_WHAT YOU WILL DO_.
Begin at the line that holds "Wood side table - great condition" and retype every line through the end of the material, both included. Leave out the pictures.

_DATASET CONTENT_.
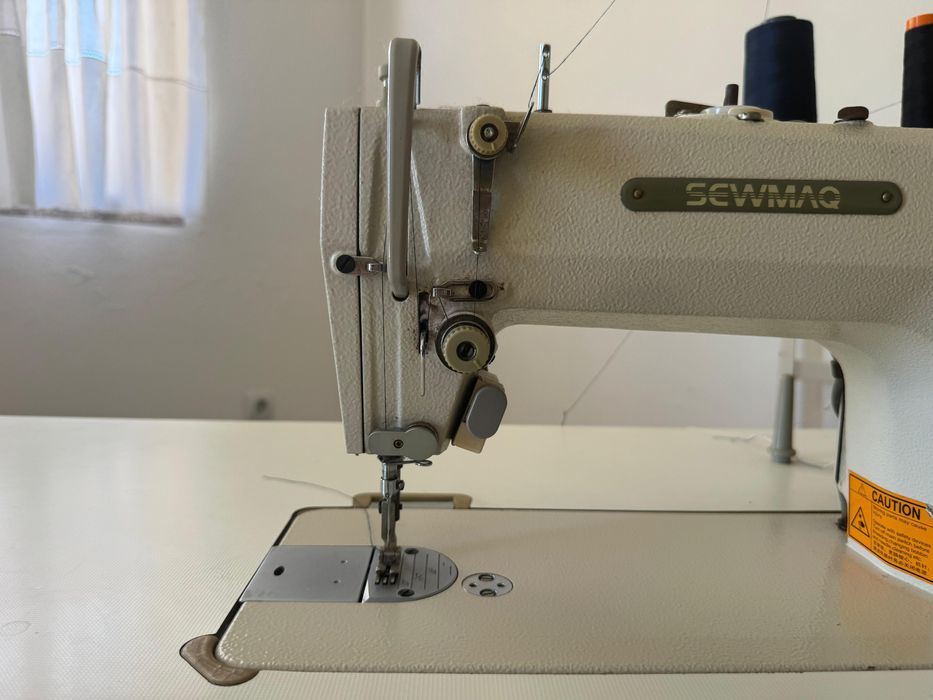 Máquina de costura ponto corrido Sewmaq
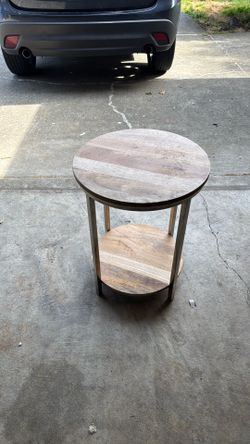 Wood side table - great condition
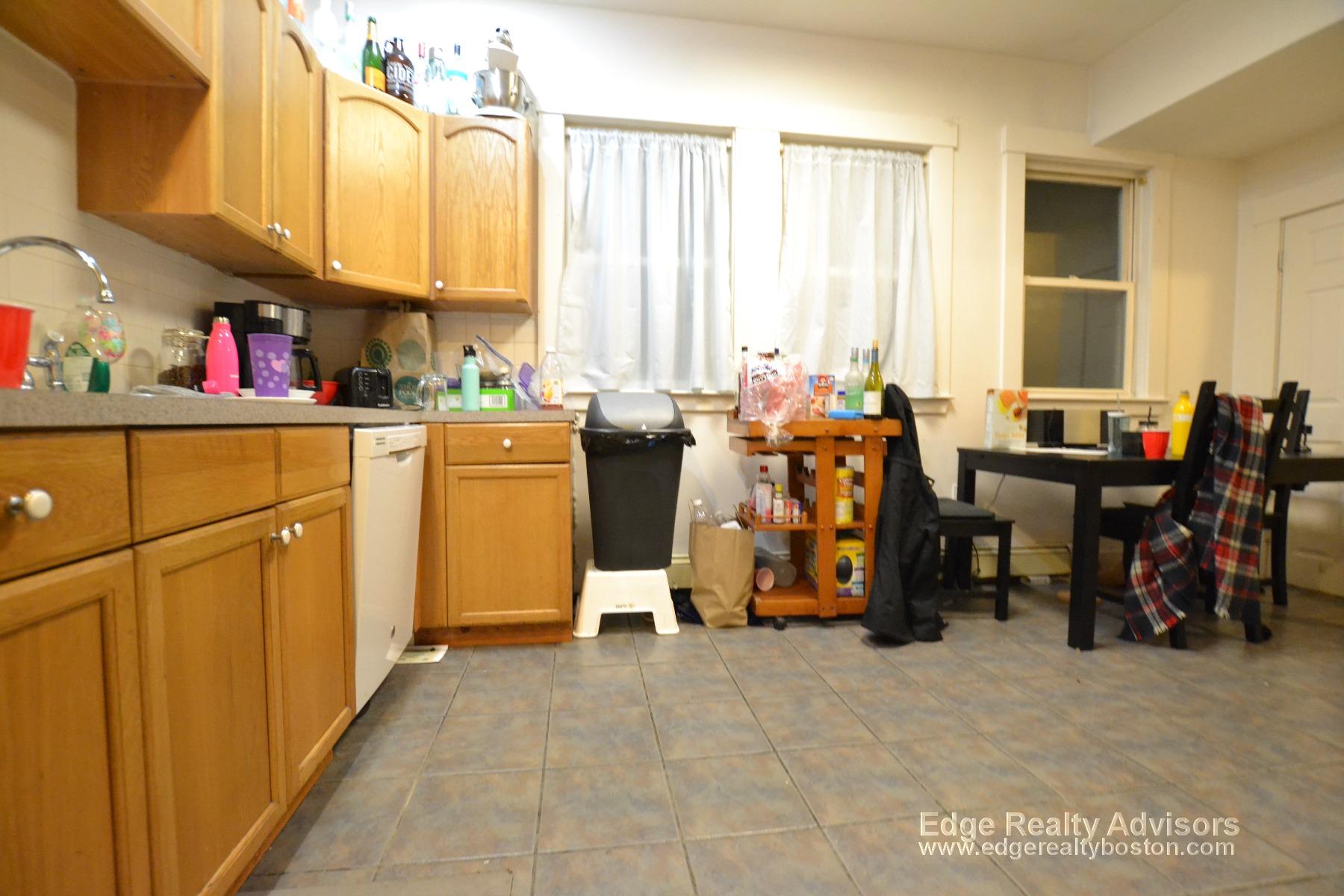 4 bed, 2 bath apartment for rent at 68 Chester St Unit 1, Allston — photo 8 of 20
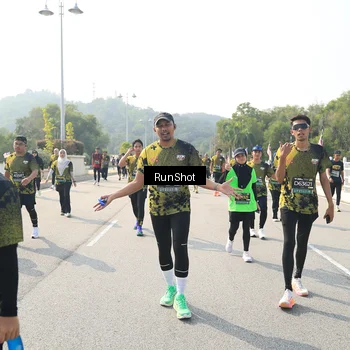 Runner Photo 6933060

_YOUR SOLUTION_.
 Wood side table - great condition
 4 bed, 2 bath apartment for rent at 68 Chester St Unit 1, Allston — photo 8 of 20
 Runner Photo 6933060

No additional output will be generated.